En semanas recientes, de manera muy desafortunada, nos hemos visto sorprendidos por una serie de eventos violentos donde el despliegue y uso de armamento potente ha sido la constante para explicar el notable número de decesos.
Las reacciones de la mayor parte de columnistas y analistas ha sido, por decir lo menos, pendular: extrema. Sin ninguna otra base que la comodidad de sus sillones dejando galopar su imaginación hasta donde creen encontrar algún indicio que refuerce sus planteamientos.
Estamos así ante un serio problema que va de la franca ignorancia a la mala fe. Mientras que con un rasero se miden la violencia criminal y las acciones corrosivas de los delincuentes, cuando se hace, pasan esos puntos de vista a la implacable severidad de la especulación cuando del actuar de los integrantes de las Fuerzas Armadas y corporaciones policiacas federales se trata.
Esto propicia un debate difícil de explicar: entre la anestesiada aceptación de que la violencia criminal “así es” a la severidad especulativa contra las operaciones de las fuerzas del orden.
Lo sucedido en Tanhuato, como antes en Tlatlaya, ha merecido dentro y fuera del país calificativos o descalificaciones que muy lejos están de sostenerse en documentos, peritajes, actas o circunstancias; es decir, los datos con los que cada posición crítica debiera contar y no solo con el predominio de la subjetividad, que para este tipo de situaciones muy poco ayuda. En ningún caso puede estarse de acuerdo en que para aplicar la ley debe o puede violarse la misma. Quienes en la lucha contra el crimen organizado lo han hecho, se encuentran sujetos a investigación y proceso.
Objetividad
La inexplicable pasividad de las autoridades mexicanas y estadunidenses para dejar pasar armamento cada vez más potente es lo que en muy buena medida ha incrementado la capacidad de fuego de los delincuentes.
Tan es así, que hasta en un Ministerio Público de la delegación Cuauhtémoc, en la Ciudad de México, intentaron “rescatar” a un jefe criminal. Esta audacia, sin generalizar, sí es en cambio un indicador que al desarrollarse en la capital del país merece una profunda reflexión.
En las condiciones en que se encuentran varias partes del país, incluyendo desde luego a Michoacán, llama la atención cómo a pesar del paso del tiempo y la aplicación de medidas, sobre todo por parte de autoridades federales, la situación con objetividad ha cambiado poco. Por eso esas zonas tan castigadas por la actividad criminal tienen en las elecciones del próximo 7 de junio un recurso fundamental para darle una sólida base de legitimidad a quienes resulten ganadores.

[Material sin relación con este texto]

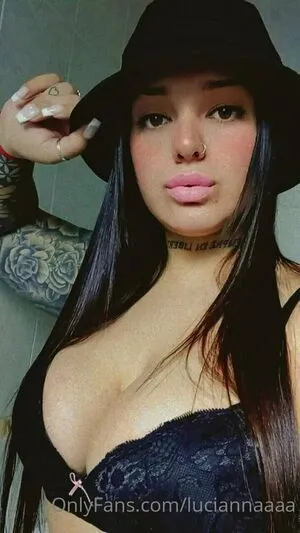 luciannaaaa / _luciannaaaa_ фото голая #0011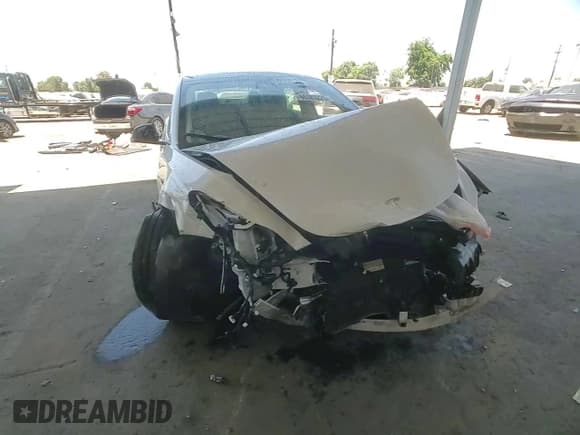 ✅ 2022 Tesla Model 3 Long Range • VIN: 5YJ3E1EB1NF128500 • Лот: 66383225. Опубликован ранее на Copart с пробегом 42 681 миль. Бесплатный доступ к архиву аукционных продаж из США и подробный отчёт об истории автомобиля на DreamBid. Изображение 13.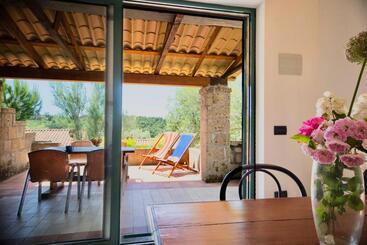 מלון דירות Isa Residence With Swimming Pool In Guardistallo Surrounded By Greenery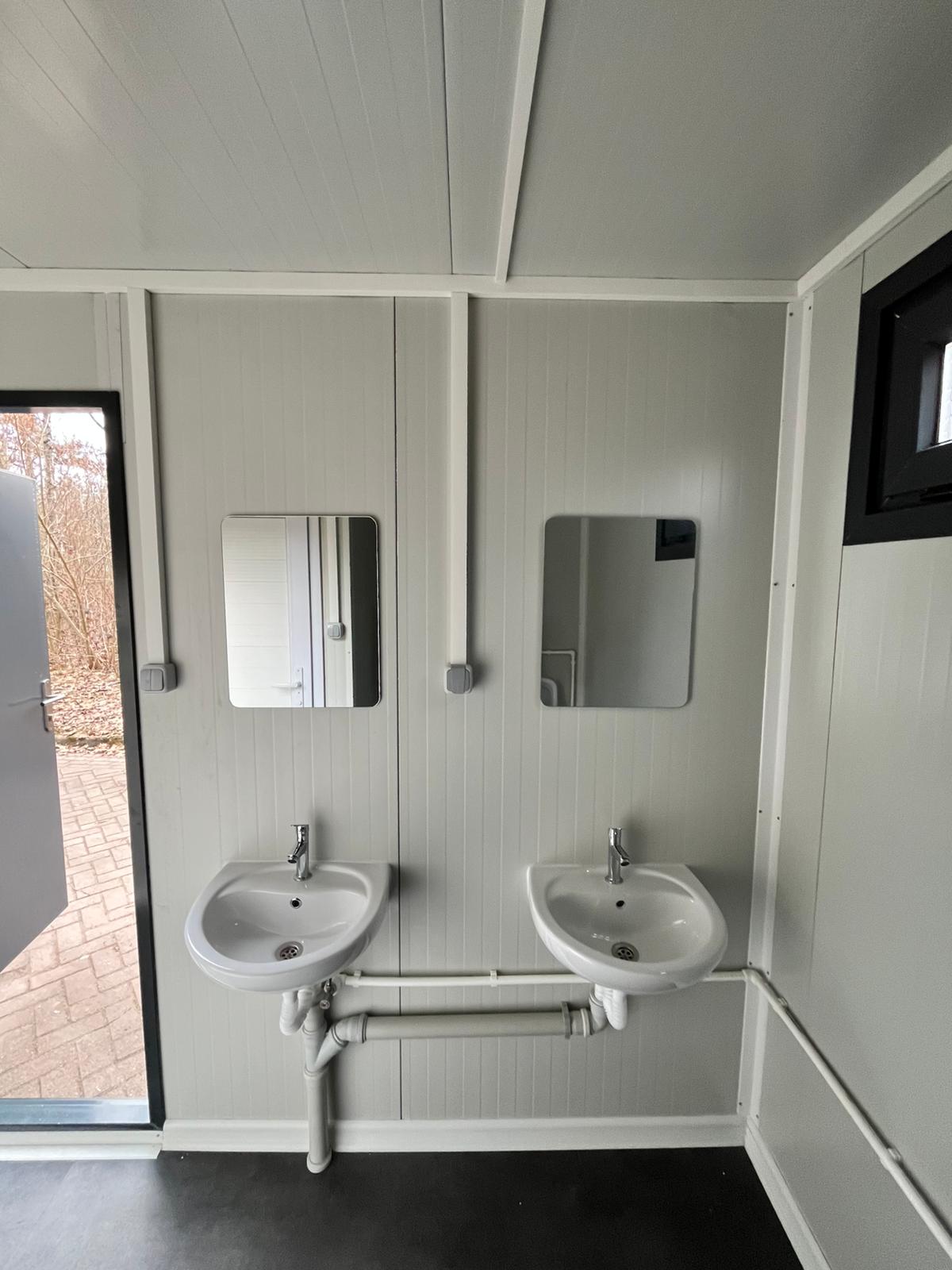 Wasbakken binnenzijde toiletgebouw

Mientras, seguimos instalados en la “feria de la especulación” en tanto las dinámicas sociales locales siguen haciendo frente, solo con el respaldo de las Fuerzas Armadas y la Policía Federal, a la corrosión de delito. Lo que preocupa es que teniendo el privilegio de un espacio en los medios de comunicación, en estas circunstancias verdaderamente difíciles se aprovechen para que sin sustento ni investigaciones consistentes se hagan insinuaciones y se siembren sospechas con el único y cuestionable fin de adquirir notoriedad y nuevos espacios de influencia.
Estamos por cumplir diez años de la aplicación de la Operación México Seguro, que comenzó en junio de 2005. Fue en aquella época la primera vez que las Fuerzas Armadas actuaron bajo las órdenes de la autoridad civil, de manera intensa y extensa, contra el crimen organizado en zonas urbanas. Es momento de hacer una evaluación, ajuste y corrección.